Dos imperios y un destino

¿Saben aquel…?

Hace días que no viene Artur Mas a esta columna y comenzábamos a preocuparnos. ¿Tendrá gripe?, repetíamos inquietos. Una gripe catalana, con virus de barretina, porque ni la española, ni la asiática se avienen a su sistema inmunitario, que las rechaza con anticuerpos de los Mossos d´Esquadra.

Pero no. Solamente estaba preparando su siguiente discurso, el que iba a pronunciar ante los congresistas del Microsoft Education Global Forum para que viesen cómo se las gasta el Kan de la Moreneta, Gengis Mas.

En su delirio esquizoide, el Kan no encuentra nunca límites suficientes donde aparcar su monomanía, de modo que le da igual una convención de Microsoft, que un concurso para premiar el mejor conill amb cargols. Él va a lo que va.

Así es que ayer tomó a los congresistas de la mano y contoles, en inglés, el cuento de la buena pipa, que en su versión resumida comienza: “Cataluña está localizada en medio de dos grandes imperios: Francia y España…”

A los congresistas se les tuvo que helar la sonrisa. No estaban en la Barcelona que cantaron Mercury y Caballé, sino en una reserva india que durante siglos viene sufriendo la tiranía, no de un imperio, ¡sino de dos! Quizá por eso se ha concentrado allí buena parte de la industria española y la mano de obra de uno de los imperios. A saber por qué el otro no la llevó también a esa tierra asoballada.

Quizá por eso se celebró allí una olimpiada, contaminando de sudor de atleta las cuencas del Ter y del Llobregat. Quizá por eso fue faro de cultura hasta que llegaron ellos y mandaron hablar payés y solo payés. Quizá por eso se celebraba allí el Microsoft Education Global Forum, que suele reunirse en las tierras más míseras del planeta.

2 Comentarios a “Dos imperios y un destino”
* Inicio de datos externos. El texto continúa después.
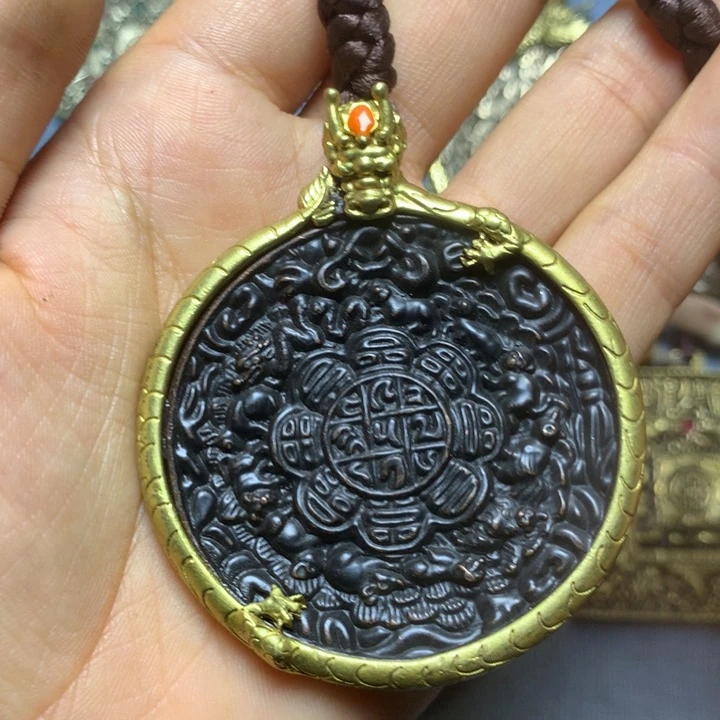 琉璃颈饰不**华喜欢的朋友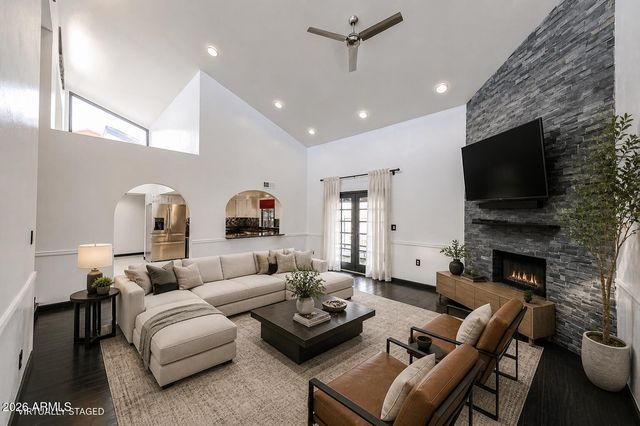 8444 N 7TH Avenue, Phoenix, AZ 85021
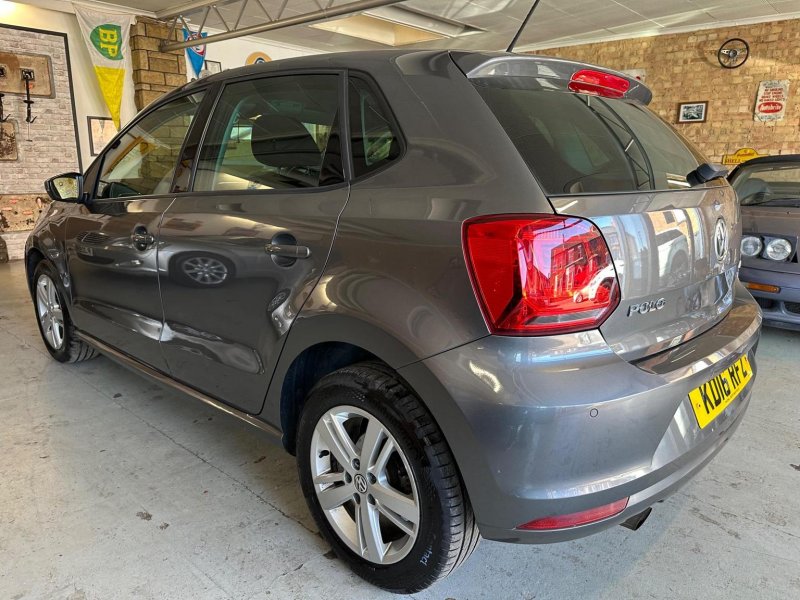 VOLKSWAGEN POLO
  1. Enrique Armesto Faginas

    El destino de los pueblos será aquel que sus ciudadanos decidan. Si los catalanes quieren la independencia, más tarde o más temprano la conseguirán.
    Quizás nosotros no lo veamos, pero como tantas cosas que nos parecían casi imposibles, hoy las vivimos sin más.
    Estas cosas hay que verlas con amplitud de miras, pensando en la libertad individual y la colectiva. Criticar por criticar y no ver más allá de las narices no sirve de mucho.
    Lo que hoy dice la Constitución, ley más incumplida de todas, mañana puede decir otra cosa. No por eso, los que aspiran a estar fuera de España, han de esperar a las reformas constitucionales. La pasividad no reforma nada.
    Opinar es importante y deseable, siempre algo se sacará en limpio. Respetar es todavía más importante.

  2. Aureliano Buendía

    Pues, en parte, estoy de acuerdo con el primer comentarista. Doy por segura la independencia de Cataluña, en un plazo más o menos corto, según las circunstancias.

    Estoy totalmente seguro de que hay mucha gente en Cataluña que ya ha valorado las consecuencias de la secesión, que, según general acuerdo, van a ser nefastas, para toda España, pero muy especialmente para Cataluña. Algunas de las proyecciones de escenarios económicos posibles, a plazos de 5, 10 ó 15 años después de la secesión, ofrecen panoramas desoladores.

    Sin embargo, hemos llegado a un punto en que la lógica y el sentido común ya no están a tiempo de imponerse. Ha sido un proceso cocinado a fuego lento durante 40 años (desde la muerte de Franco), al que ahora se ha puesto a hervir a toda potencia. Y no hay vuelta atrás, porque la deprogramación a que se ha sometido a buena parte de la sociedad catalana no es reversible.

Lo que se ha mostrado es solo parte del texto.